Joe Rubenzer Found His Own Way to Work in the Great Outdoors

A Wisconsin engineer wanted to avoid desk duty, so he retooled his skill set and enjoys his new career as an onsite installer

Joe Rubenzer Found His Own Way to Work in the Great Outdoors

  The crew of Stolt Excavating and Trucking includes, from left, Forest Clements, Mark Yohnk, Dan Stolt, Joe Rubenzer and Tony Stoik. 

For several years, while he was working for engineering and construction companies in northern Wisconsin, Joe Rubenzer held the idea of self-employment in the back of his mind. He knew he couldn’t afford to buy a company like the ones he worked for, some worth millions of dollars. 

Instead he kept an eye out for smaller companies. He found one, made the switch to onsite wastewater, and now has a business in a thriving area. 

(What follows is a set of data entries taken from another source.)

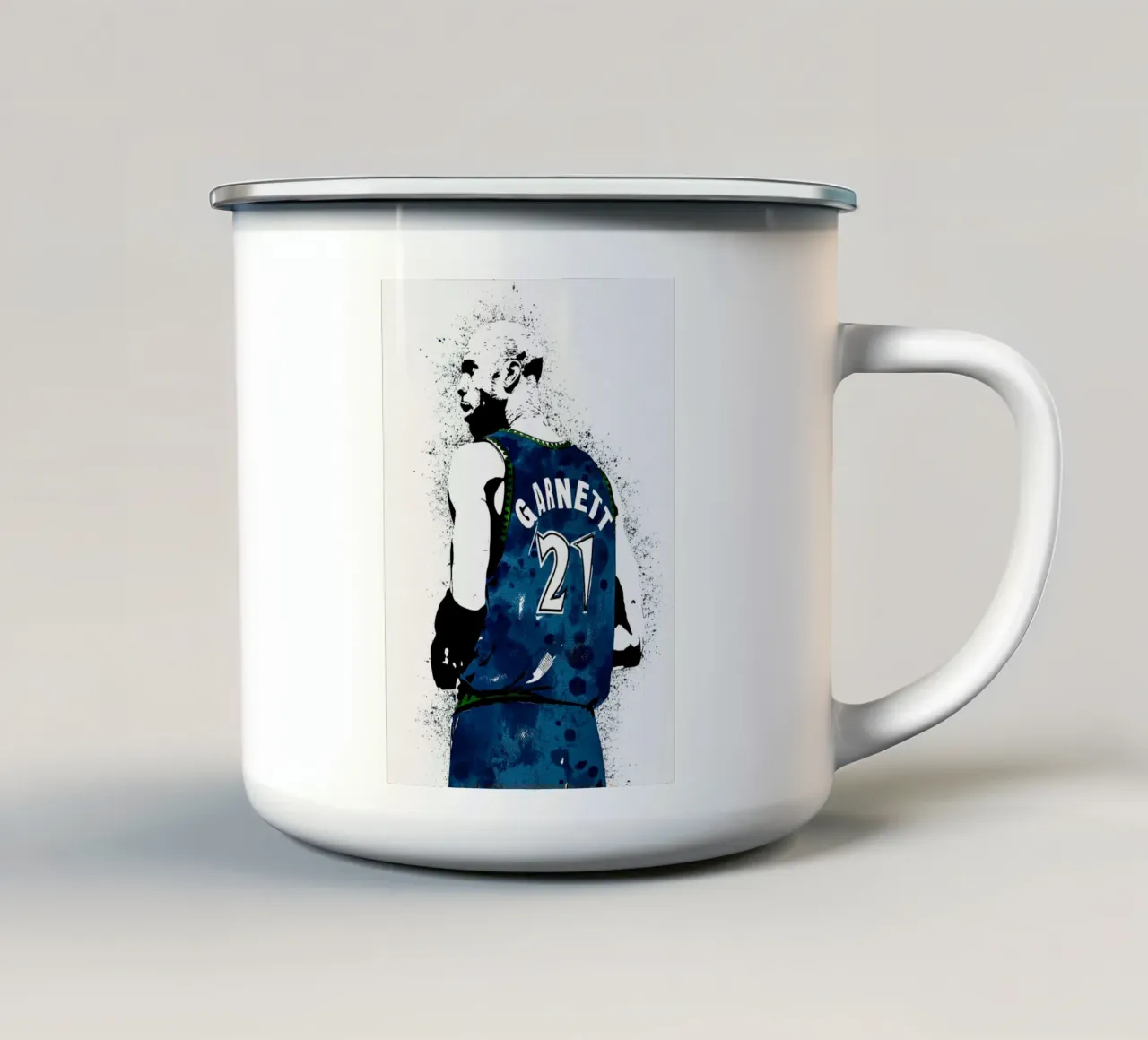 Kevin Garnett  Minnesota Timberwolves tazza in smalto da tenten
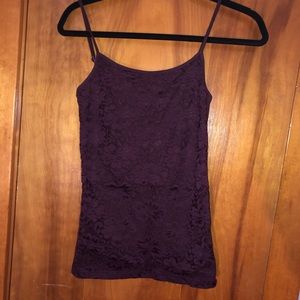 floral maroon tank top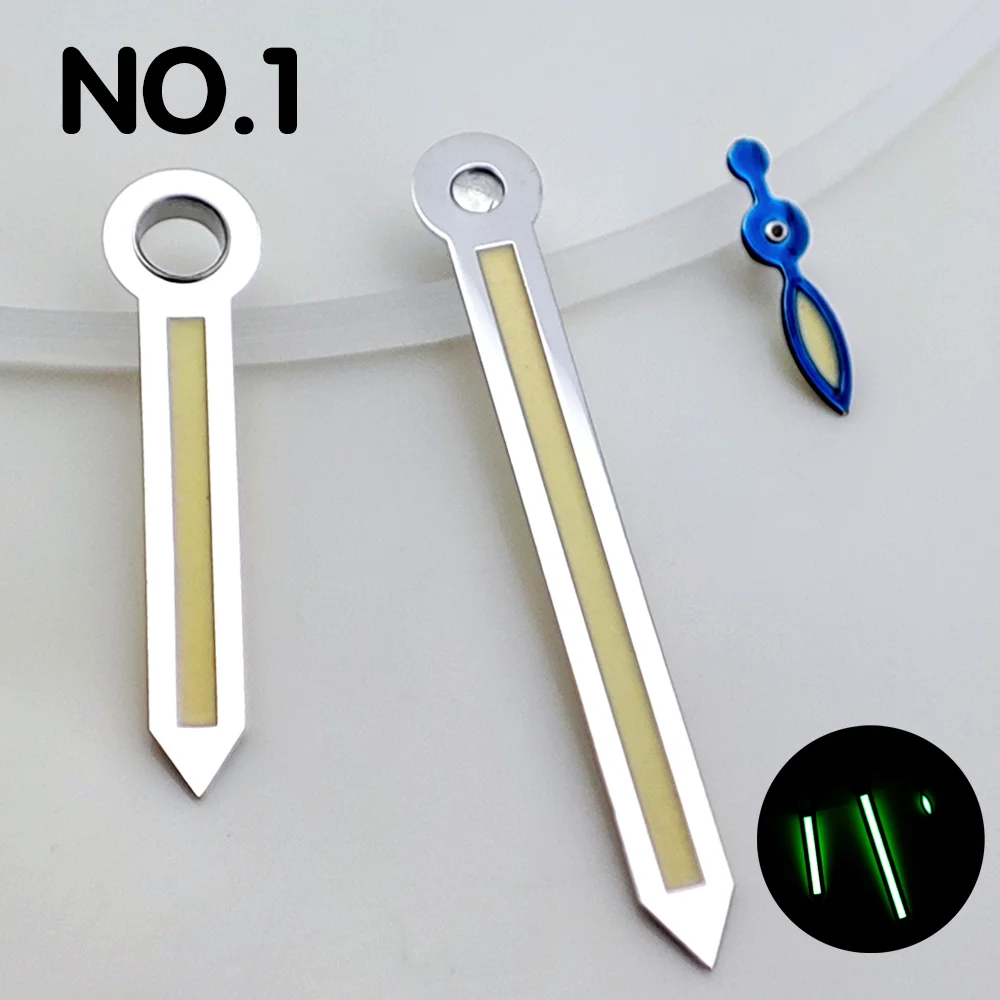 Lancette dell'orologio Lancette ST2555 Lancette luminose C3 adatte per parti di ricambio del movimento ST2555/ST2533/ST2557 Lancette di alta qualità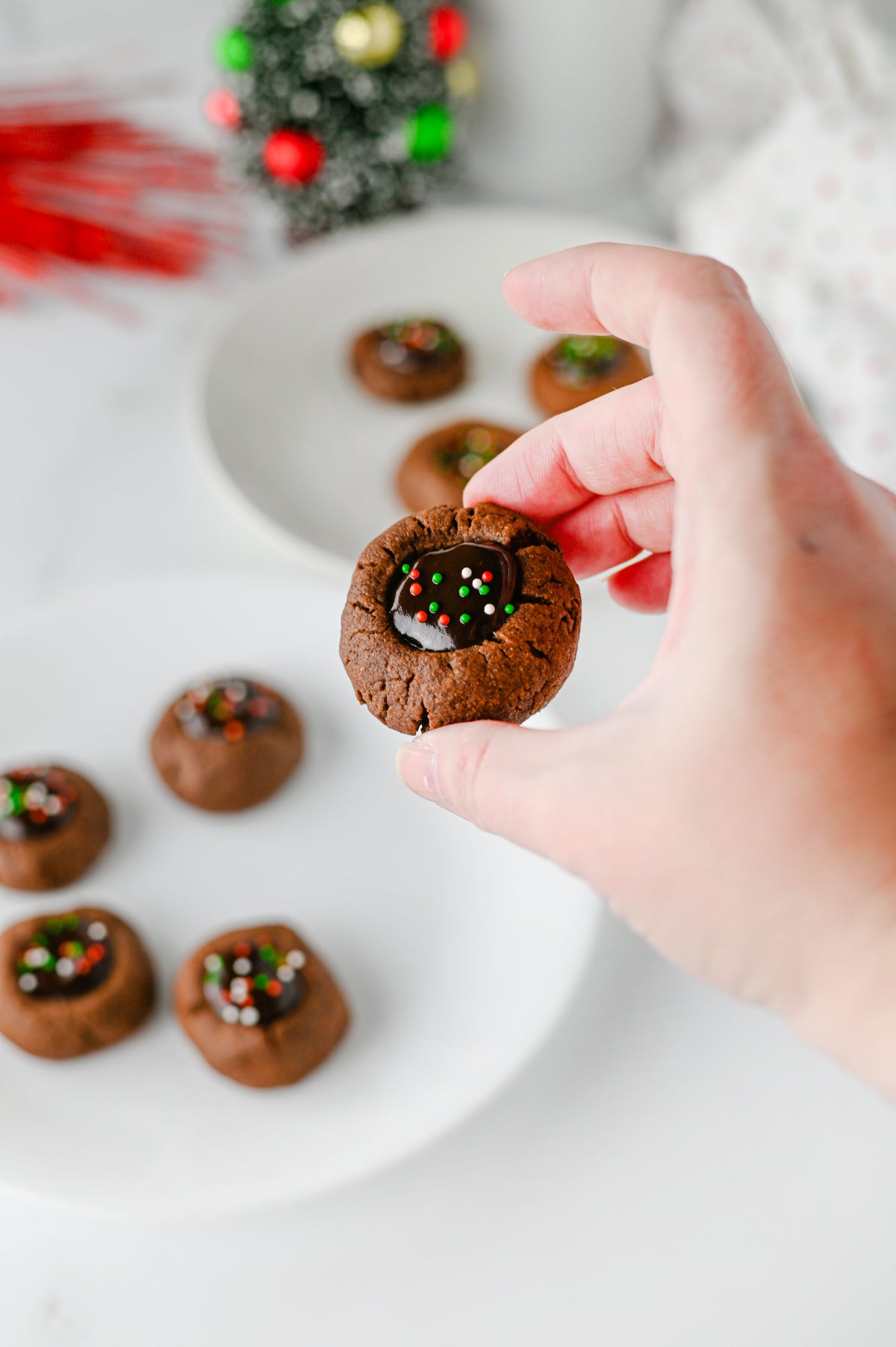 Chocolate Thumbprint Cookies Set #2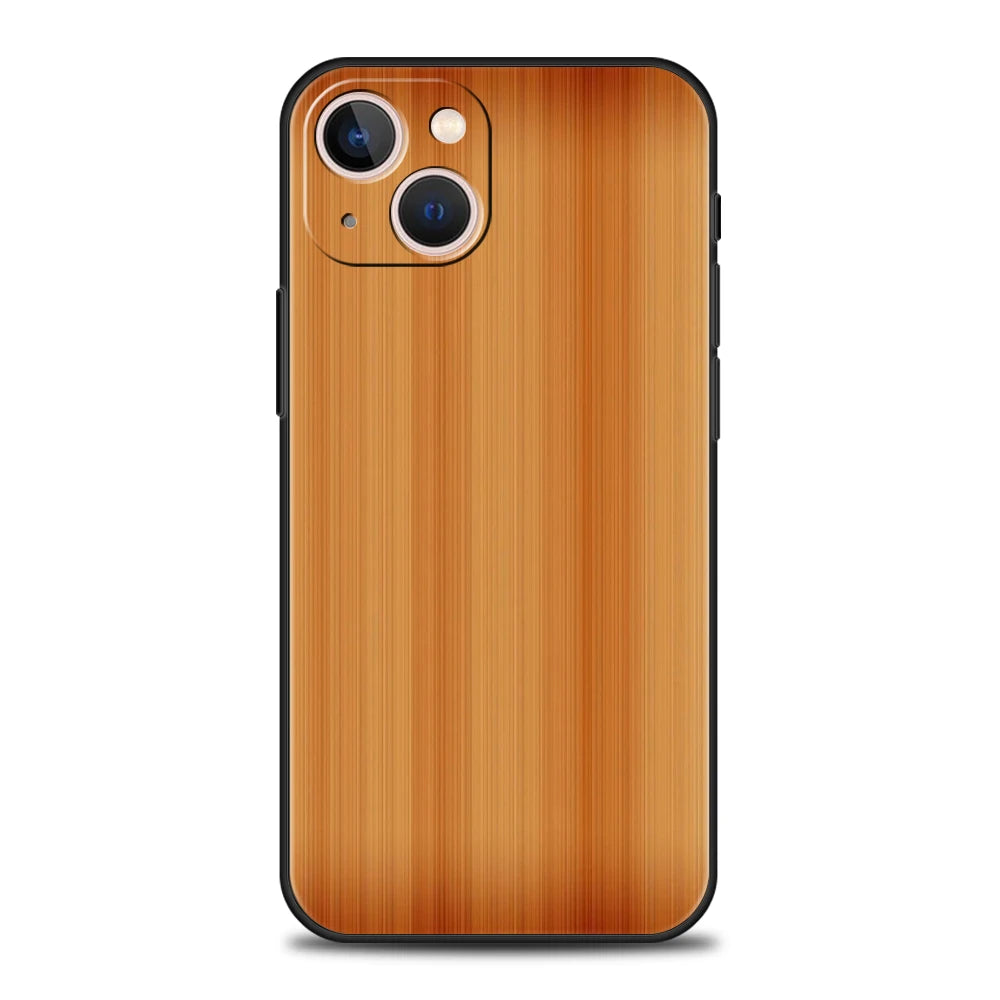 Carved Wood Phone Case Cover for iPhone 16 15 14 13 12 Pro Max XR XS X 11 7 8 Plus Shockproof Silicone Soft Shell Capas Coque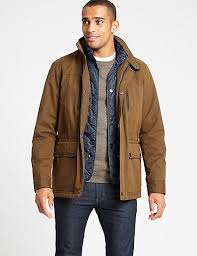 Cotton Blend Car Coat With Stormwear M S Collection M S Car Coat Men S Coat Coat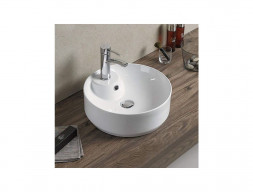 Накладная Раковина «Comforty» Круглая, Белая (78200)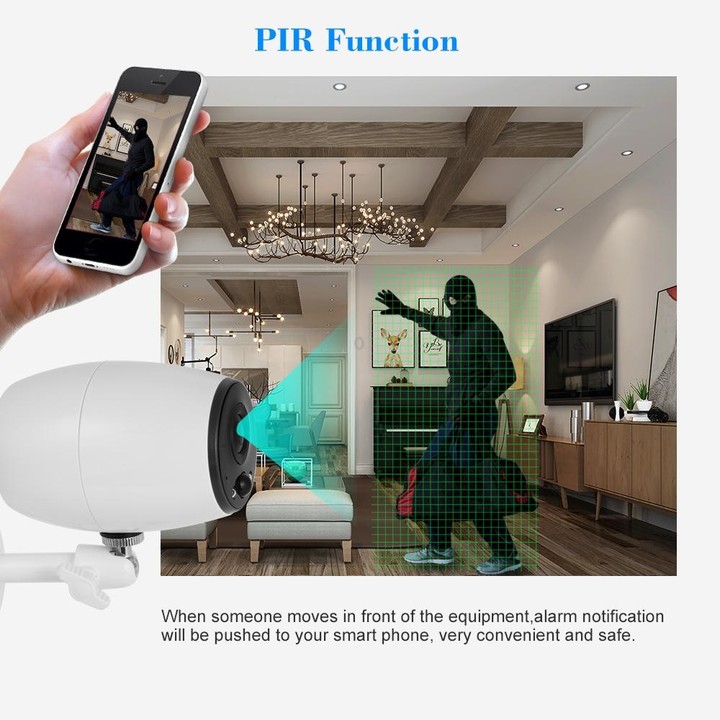 VESAFE VS-DC01 Security HD 720P Two-Way Audio Wireless Wifi IP Camera, Support Night Vision & PIR Detection & TF Card, IP54 Wate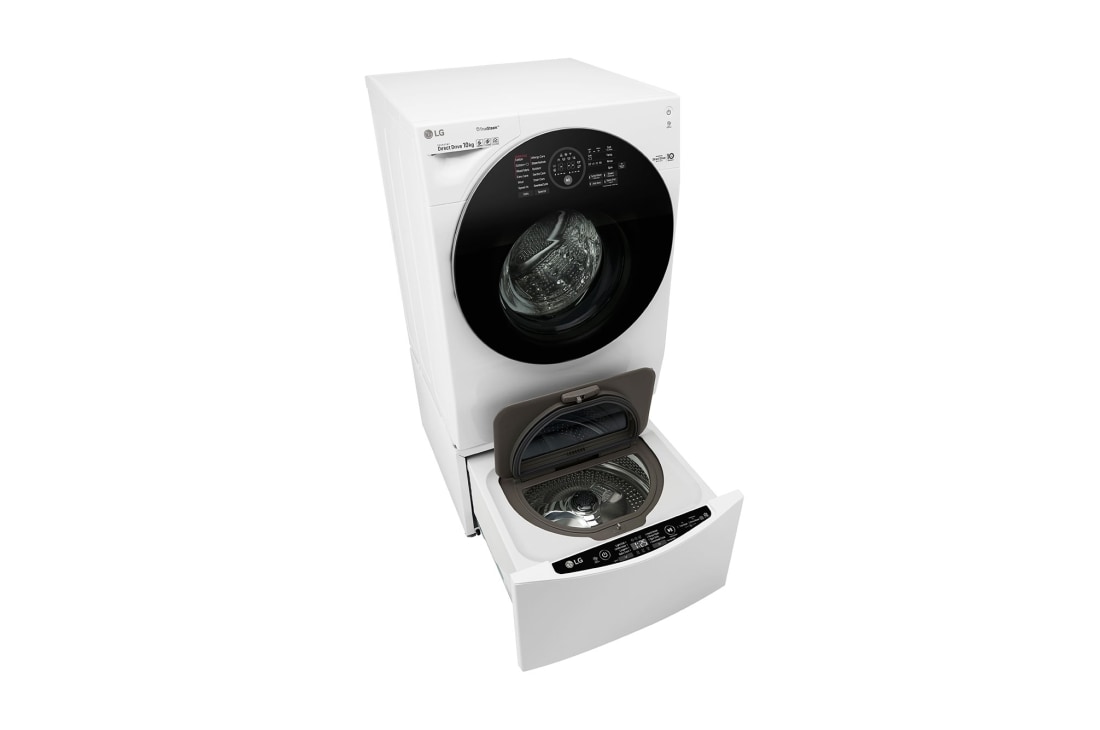 LG Mașină de spălat LG TwinWash™ | 10kg/2kg spălare | Clasa A+++ | 6 Motion Direct Drive™ 10 ani garanție | TrueSteam™| ThinQ™ | Alb, FH4WM12TWIN, thumbnail 10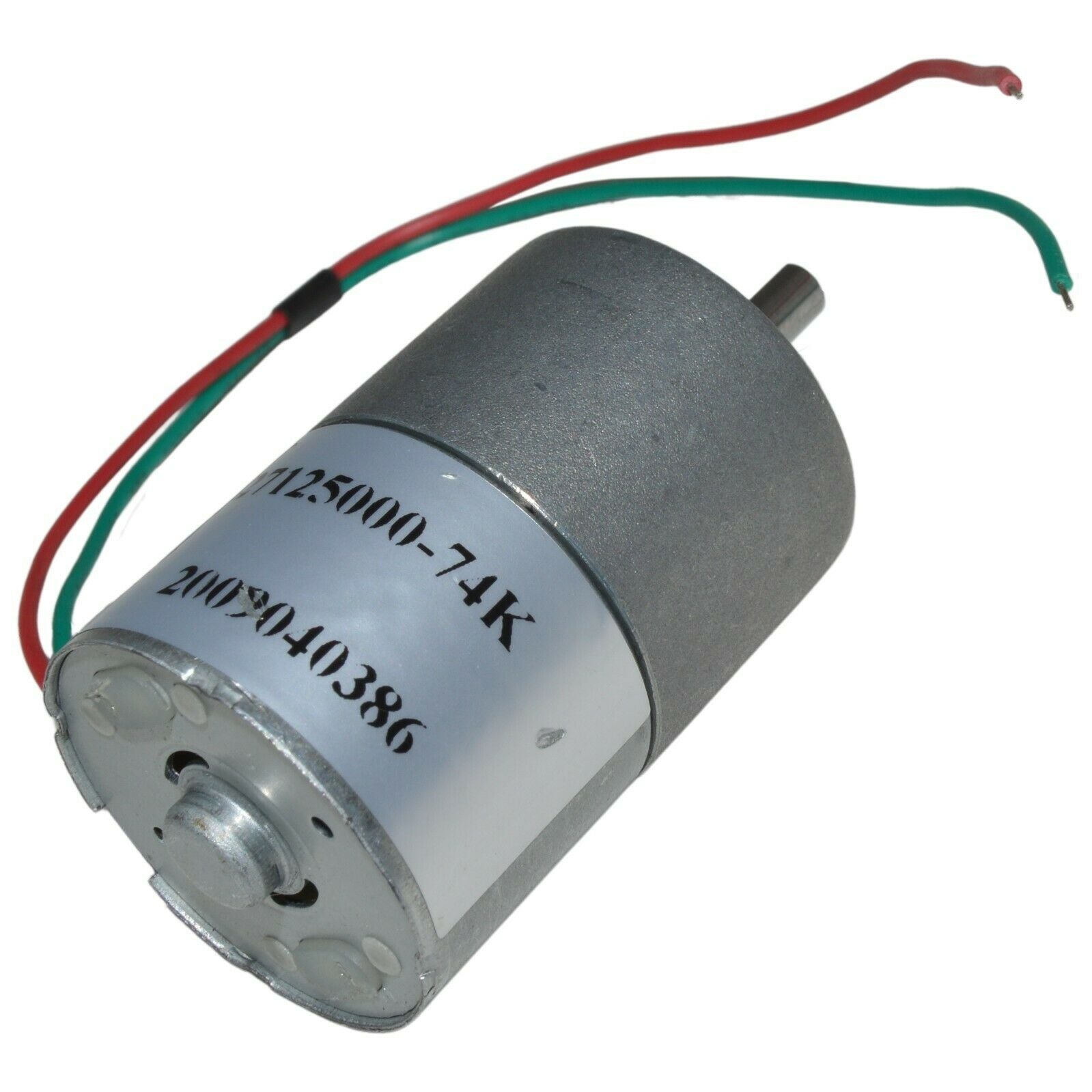 High Torque 12V DC Gear Motor 4500 RPM with 6 Wire Leads (22AWG Solid Wires) - Perfect for DIY Robotics, RC Cars, and Small Electric Projects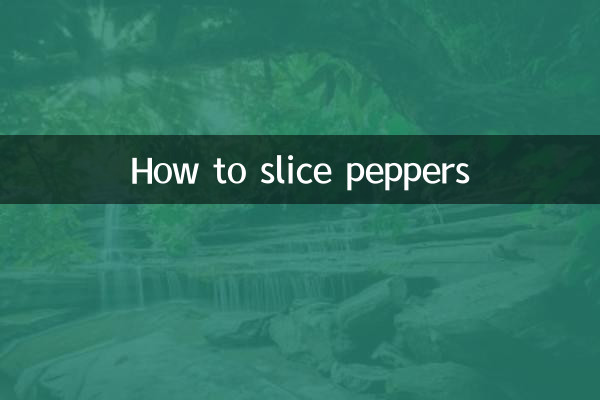 Wie man Paprika schneidet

The rural counties to the east of Rubenzer’s base are not showing much population growth, but his county and those to the west are growing strongly. Chippewa County, where Rubenzer’s shop and home are located, grew by about 3.4% from 2010 to 2019. Neighboring Eau Claire County had a population increase of 5.8%, and St. Croix County, farther west and on the edge of the Minneapolis-St. Paul metro area, grew by 7.5%. 

It’s all happening for a guy who didn’t have to move around the country or travel a lot to find a rewarding career.

CLOSE TO HOME

Rubenzer grew up in Bloomer, Wisconsin, population about 3,500, where his shop is still located. He earned a degree in civil engineering from the University of Wisconsin-Platteville just three hours south, and went on to earn a P.E. license. 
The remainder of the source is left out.